And it’s thinking long-term to believe you’ll always be fighting the Soviet Union who are keeping up with us in an arms race?
Yes, and how many cheap drones armed with cruise missiles could have been developed for the budget of the F-22?
Predators are painfully slow, why not develop a fast drone? And what advantage against Al Qaeda does the F-22 have over the F-16 or F-18?
Likely so.
Well I guess when the Soviet Union comes at us we’ll be ready.
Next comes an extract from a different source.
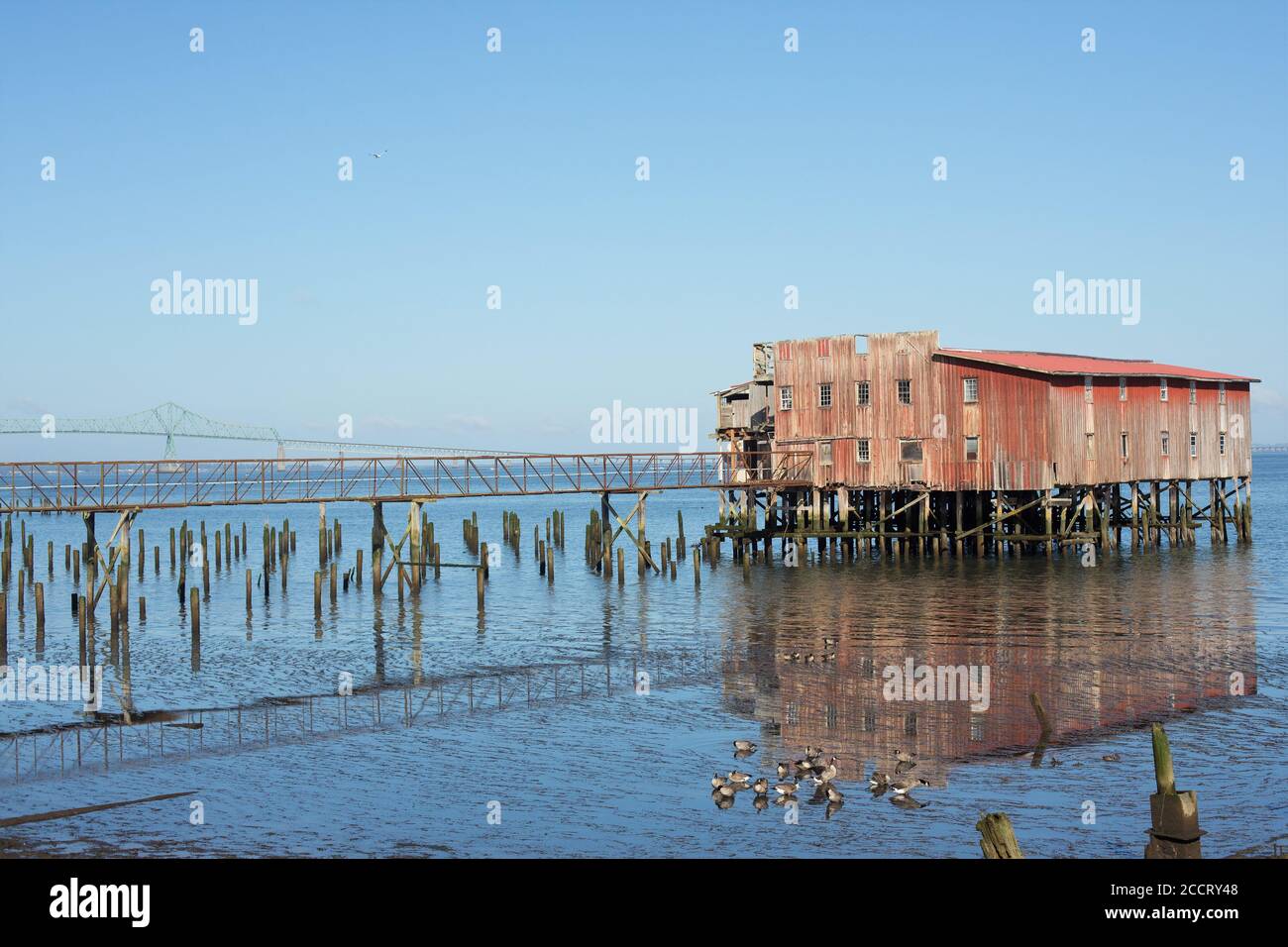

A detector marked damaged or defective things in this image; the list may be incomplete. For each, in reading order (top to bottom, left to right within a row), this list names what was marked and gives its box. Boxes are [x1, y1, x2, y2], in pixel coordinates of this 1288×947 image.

rusty red building [710, 329, 1251, 559]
I’m not so sure about that. A quote from Wikipedia: “During the Persian Gulf War in 1991, the F-117A flew approximately 1,300 sorties and scored direct hits on 1,600 high-value targets in Iraq[1] while flying 6,905 combat flying hours.[30] The F-117 comprised only 2.5% of the American aircraft in Iraq yet struck more than 40% of the strategic targets.[31] “During their mission, the F-117A pilots delivered over 2,000 tons of precision-guided ordnance with a hit rate of better than 80 percent. Although the 37th Tactical Fighter Wing Provisional and its 42 stealth fighters represented just 2 1/2 percent of all allied fighter and attack aircraft in the Gulf, the F-117As were assigned against more than 31 percent of the strategic Iraqi military targets attacked during the first 24 hours of the air campaign.”[30] During the war, it performed poorly dropping smart bombs on military targets, achieving a success rate of only 40%.”
Edit: And I did raise the concern about jamming in post #68.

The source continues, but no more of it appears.